> **WHAT TO PRODUCE**:
Give back every entry below, exactly as written.

> **EXERCISE DATA**:

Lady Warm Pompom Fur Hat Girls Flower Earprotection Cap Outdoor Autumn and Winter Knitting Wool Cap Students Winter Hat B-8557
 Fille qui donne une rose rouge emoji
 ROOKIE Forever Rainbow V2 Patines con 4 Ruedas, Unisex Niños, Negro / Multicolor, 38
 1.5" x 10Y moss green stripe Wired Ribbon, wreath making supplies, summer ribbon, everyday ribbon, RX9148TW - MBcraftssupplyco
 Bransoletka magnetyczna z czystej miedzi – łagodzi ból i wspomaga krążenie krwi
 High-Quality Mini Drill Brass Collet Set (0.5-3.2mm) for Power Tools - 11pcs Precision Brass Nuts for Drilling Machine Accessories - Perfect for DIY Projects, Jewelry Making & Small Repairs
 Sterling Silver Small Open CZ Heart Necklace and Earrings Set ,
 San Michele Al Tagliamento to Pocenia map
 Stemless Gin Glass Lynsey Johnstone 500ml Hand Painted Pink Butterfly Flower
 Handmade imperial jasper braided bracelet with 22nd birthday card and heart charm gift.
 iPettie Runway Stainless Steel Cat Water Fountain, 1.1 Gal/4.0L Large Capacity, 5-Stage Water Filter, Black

> **EXPECTED ANSWER**:
Lady Warm Pompom Fur Hat Girls Flower Earprotection Cap Outdoor Autumn and Winter Knitting Wool Cap Students Winter Hat B-8557
 Fille qui donne une rose rouge emoji
 ROOKIE Forever Rainbow V2 Patines con 4 Ruedas, Unisex Niños, Negro / Multicolor, 38
 1.5" x 10Y moss green stripe Wired Ribbon, wreath making supplies, summer ribbon, everyday ribbon, RX9148TW - MBcraftssupplyco
 Bransoletka magnetyczna z czystej miedzi – łagodzi ból i wspomaga krążenie krwi
 High-Quality Mini Drill Brass Collet Set (0.5-3.2mm) for Power Tools - 11pcs Precision Brass Nuts for Drilling Machine Accessories - Perfect for DIY Projects, Jewelry Making & Small Repairs
 Sterling Silver Small Open CZ Heart Necklace and Earrings Set ,
 San Michele Al Tagliamento to Pocenia map
 Stemless Gin Glass Lynsey Johnstone 500ml Hand Painted Pink Butterfly Flower
 Handmade imperial jasper braided bracelet with 22nd birthday card and heart charm gift.
 iPettie Runway Stainless Steel Cat Water Fountain, 1.1 Gal/4.0L Large Capacity, 5-Stage Water Filter, Black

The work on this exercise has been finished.